Re: [openstack-dev] [savanna] How to handle diverging EDP job configuration settings

2014-01-29 Thread Trevor McKay
So, assuming we go forward with this, the followup question is whether
or not to move main_class and java_opts for Java actions into
edp.java.main_class and edp.java.java_opts configs.

I think yes.

Best,

Trevor

On Wed, 2014-01-29 at 09:15 -0500, Trevor McKay wrote:
 On Wed, 2014-01-29 at 14:35 +0400, Alexander Ignatov wrote:
  Thank you for bringing this up, Trevor.
  
  EDP gets more diverse and it's time to change its model.
  I totally agree with your proposal, but one minor comment.
  Instead of savanna. prefix in job_configs wouldn't it be better to make it
  as edp.? I think savanna. is too more wide word for this.
 
 +1, brilliant. EDP is perfect.  I was worried about the scope of
 savanna. too.
 
  And one more bureaucratic thing... I see you already started implementing 
  it [1], 
  and it is named and goes as new EDP workflow [2]. I think new bluprint 
  should be 
  created for this feature to track all code changes as well as docs updates. 
  Docs I mean public Savanna docs about EDP, rest api docs and samples.
 
 Absolutely, I can make it new blueprint.  Thanks.
 
  [1] https://review.openstack.org/#/c/69712
  [2] 
  https://blueprints.launchpad.net/openstack/?searchtext=edp-oozie-streaming-mapreduce
  
  Regards,
  Alexander Ignatov
  
  
  
  On 28 Jan 2014, at 20:47, Trevor McKay tmc...@redhat.com wrote:
  
   Hello all,
   
   In our first pass at EDP, the model for job settings was very consistent
   across all of our job types.

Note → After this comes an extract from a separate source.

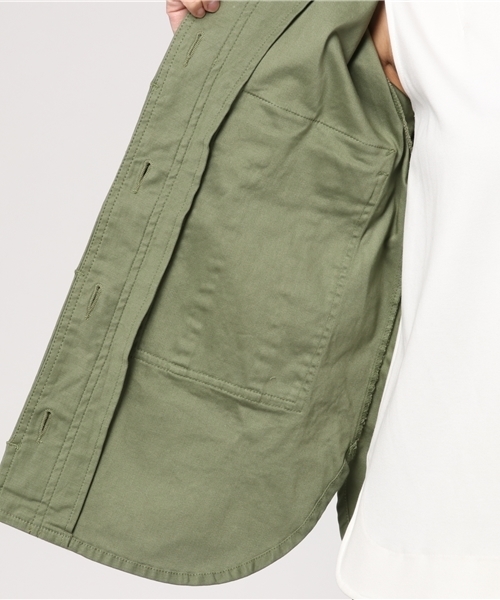 LBC(エルビーシー)の「バックサテンミリタリーブルゾン (ブルゾン・レディース・ベージュ/オリーブ・LARGE/MEDIUM)」の11枚目の写真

The execution-time settings fit into this
   (superset) structure:
   
   job_configs = {'configs': {}, # config settings for oozie and hadoop
'params': {},  # substitution values for Pig/Hive
'args': []}# script args (Pig and Java actions)
   
   But we have some things that don't fit (and probably more in the
   future):
   
   1) Java jobs have 'main_class' and 'java_opts' settings
 Currently these are handled as additional fields added to the
   structure above.  These were the first to diverge.
   
   2) Streaming MapReduce (anticipated) requires mapper and reducer
   settings (different than the mapred..class settings for
   non-streaming MapReduce)
   
   Problems caused by adding fields
   
   The job_configs structure above is stored in the database. Each time we
   add a field to the structure above at the level of configs, params, and
   args, we force a change to the database tables, a migration script and a
   change to the JSON validation for the REST api.
   
   We also cause a change for python-savannaclient and potentially other
   clients.
   
   This kind of change seems bad.
   
   Proposal: Borrow a page from Oozie and add savanna. configs
   -
   I would like to fit divergent job settings into the structure we already
   have.  One way to do this is to leverage the 'configs' dictionary.  This
   dictionary primarily contains settings for hadoop, but there are a
   number of oozie.xxx settings that are passed to oozie as configs or
   set by oozie for the benefit of running apps.
   
   What if we allow savanna. settings to be added to configs?  If we do
   that, any and all special configuration settings for specific job types
   or subtypes can be handled with no database changes and no api changes.
   
   Downside
   
   Currently, all 'configs' are rendered in the generated oozie workflow.
   The savanna. settings would be stripped out and processed by Savanna,
   thereby changing that behavior a bit (maybe not a big deal)
   
   We would also be mixing savanna. configs with config_hints for jobs,
   so users would potentially see savanna. settings mixed with oozie
   and hadoop settings.  Again, maybe not a big deal, but it might blur the
   lines a little bit.  Personally, I'm okay with this.
   
   Slightly different
   --
   We could also add a 'savanna-configs': {} element to job_configs to
   keep the configuration spaces separate.
   
   But, now we would have 'savanna-configs' (or another name), 'configs',
   'params', and 'args'.  Really? Just how many different types of values
   can we come up with? :)
   
   I lean away from this approach.
   
   Related: breaking up the superset
   -
   
   It is also the case that not every job type has every value type.
   
   Configs   ParamsArgs
   HiveY YN
   Pig Y YY
   MapReduce   Y NN
   JavaY NY
   
   So do we make that explicit in the docs and enforce it in the api with
   errors?
   
   Thoughts? I'm sure there are some :)
   
   Best,
   
   Trevor
   
   
   
   
   
   
   ___
   OpenStack-dev mailing list
   OpenStack-dev@lists.openstack.org
   http://lists.openstack.org/cgi-bin/mailman/listinfo/openstack-dev
  
  
  

Re: [openstack-dev] [savanna] How to handle diverging EDP job configuration settings

2014-01-29 Thread Jon Maron
I imagine ‘neutron’ would follow suit as well..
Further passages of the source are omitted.